*DATASET CONTENT*:
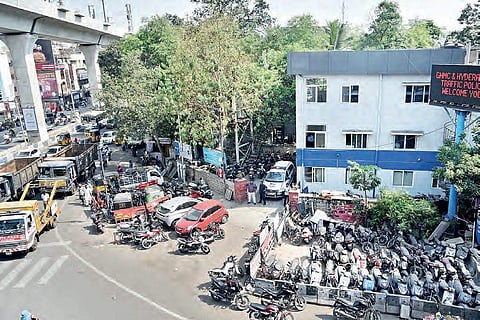 Vehicles parked in front of the traffic police station causing inconvenience to the commuters | R Satish Babu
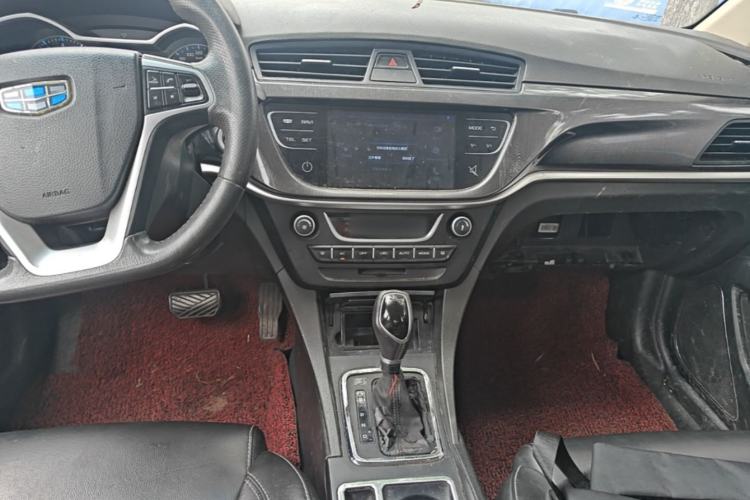 Used Geely Auto Emgrand 2017 Sedan Million Edition 1.5L CVT Upward Version Center Console
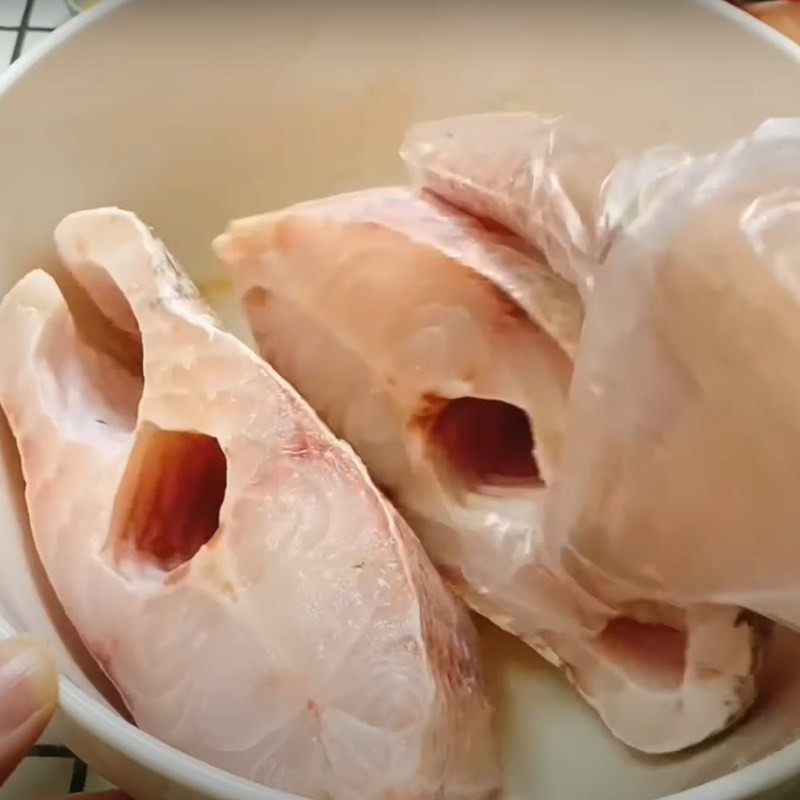 Sơ chế cá diêu hồng tươi để chuẩn bị nấu món canh cá dưa chua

*DIRECTIONS FOR THIS TASK*:
Once more, please print all the lines above exactly, without their pictures.

*TASK OUTPUT*:
 Vehicles parked in front of the traffic police station causing inconvenience to the commuters | R Satish Babu
 Used Geely Auto Emgrand 2017 Sedan Million Edition 1.5L CVT Upward Version Center Console
 Sơ chế cá diêu hồng tươi để chuẩn bị nấu món canh cá dưa chua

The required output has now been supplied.